This highly relevant role requires the values of effectiveness and efficiency to drive the activities of banking and financial institutions. Therefore, for any institution, the continuous improvement of operational processes is a daily challenge.

In addition to this continuous improvement, everyone in the sector is currently exposed to a whole series of challenges, many of which require using new technologies to overcome.

Compliance with new regulations is a clear example of such challenges, as a central issue for all financial institutions since the financial meltdown of 2008, which forced an increase and reinforcement of existing legal constraints for financial institutions. Regulations such as Basel III or the Dodd-Frank Act have substantially increased costs for financial institutions. The more accurate risk estimation required by these regulations demands a more significant computational burden in the form of a much larger number of simulations linked to increasingly complex market models.

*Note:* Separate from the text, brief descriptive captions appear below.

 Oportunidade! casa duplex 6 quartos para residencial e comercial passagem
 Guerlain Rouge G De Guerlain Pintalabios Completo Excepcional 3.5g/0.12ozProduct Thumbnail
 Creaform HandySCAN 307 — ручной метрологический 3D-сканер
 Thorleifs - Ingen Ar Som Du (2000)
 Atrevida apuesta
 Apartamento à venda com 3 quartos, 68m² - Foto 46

Likewise, the entry on the scene of many new competitors, such as Fintech companies, together with an exclusive customised offer of financial products, requires enormous responsiveness and adaptability from financial institutions to respond efficiently and in a personalised way to customer demands. Enabling these offerings also requires a tremendous computational capacity.

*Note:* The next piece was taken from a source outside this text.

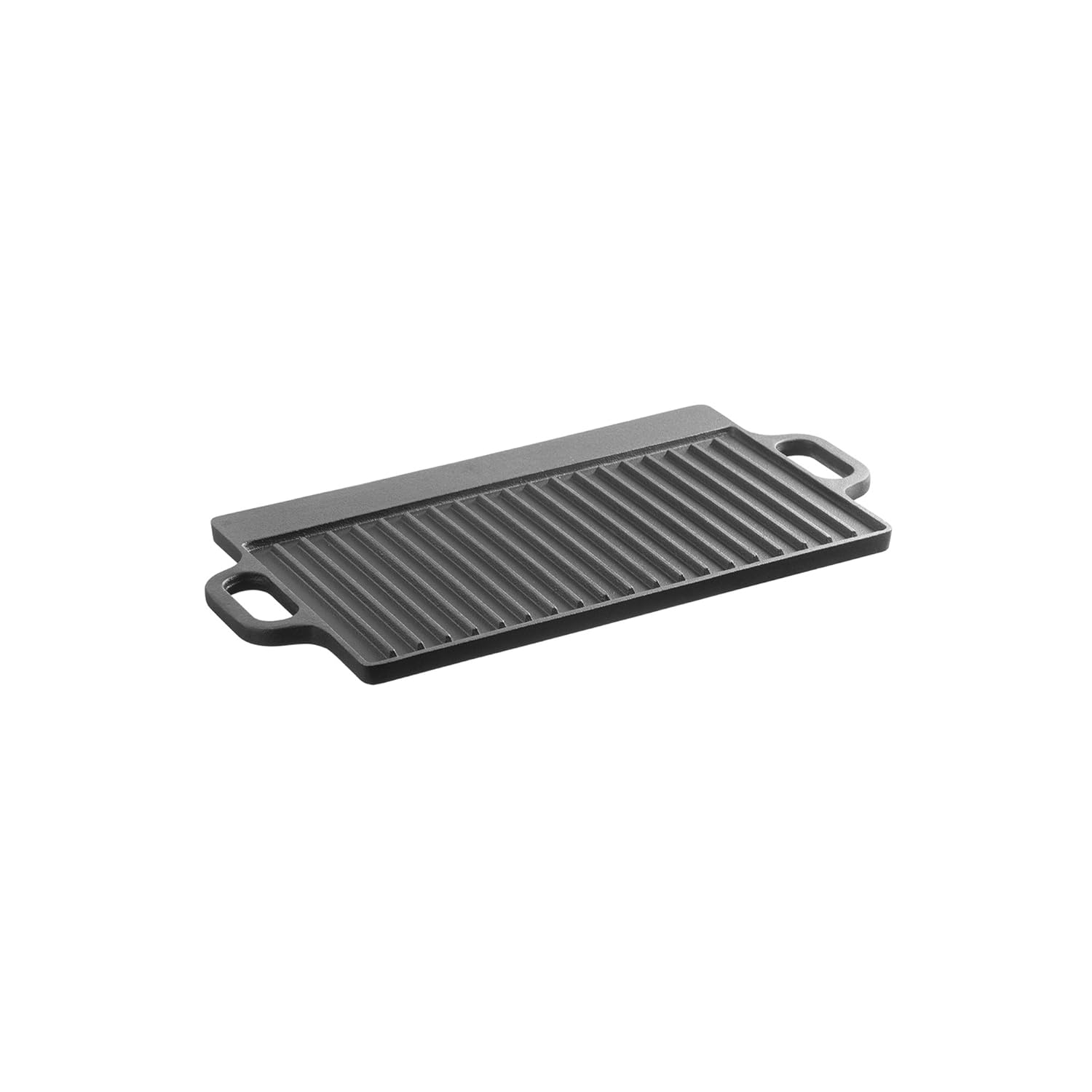 Best double-sided cast iron griddle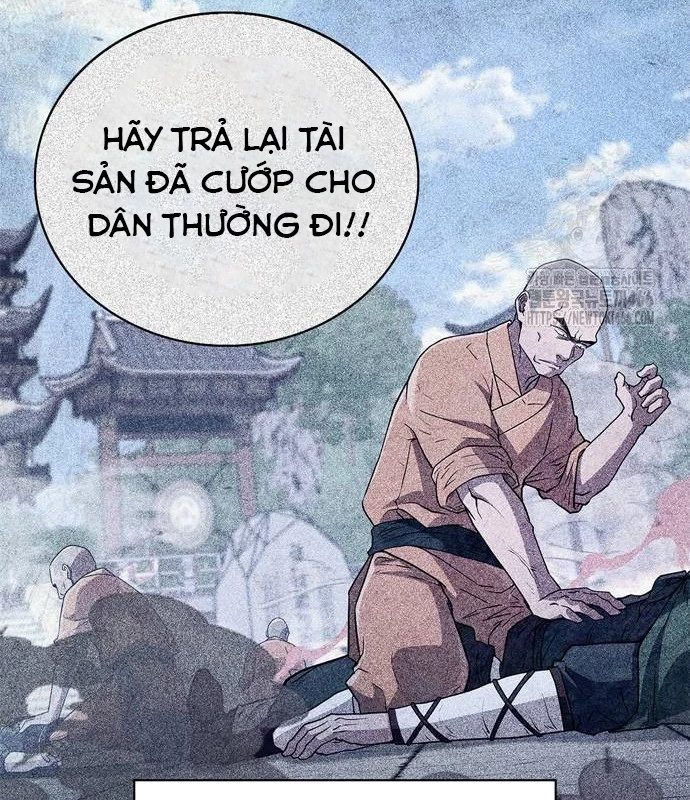 Huấn Luyện Viên Murim Thiên Tài Chapter 37 - Trang 2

As the above use cases indicate, innovation becomes the main driver of such improvements to maintain the effectiveness, and efficiency of financial transactions and thus maintain sustained growth of the sector. 

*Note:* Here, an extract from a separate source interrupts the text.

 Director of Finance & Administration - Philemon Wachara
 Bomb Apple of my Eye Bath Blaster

Financial institutions can now leverage better performing randomness acceleration solutions for a broad range of risk calculations such as Value-at-Risk (VaR) and Conditional Value-at-Risk (CVaR). 

Quside’s physical or cloud device, Randomness Processing Unit (RPU One), aims to greatly accelerate simulated scenarios in Value-at-Risk assessments. An improved methodology that offers a more accurate risk estimation from an increased number of scenarios at a fraction of the time. 

This white paper explains the importance of  simulation and optimization workloads that rely on stochastic processes, including the Monte Carlo method. As they require an ever-increasing source of high-quality, high-speed random numbers, it’s crucial that they get the speed and quality  they need to successfully compute outcomes for financial institutions, highlighting its strategic advantages over existing solutions. It concludes with presenting Quside’s physical and cloud-based randomness processing device, The RPU One, as the superior choice in simulating  accelerated scenarios for the benefit of optimisingValue at risk (VaR) & conditional Value at Risk (CVaR) using stochastic computational techniques.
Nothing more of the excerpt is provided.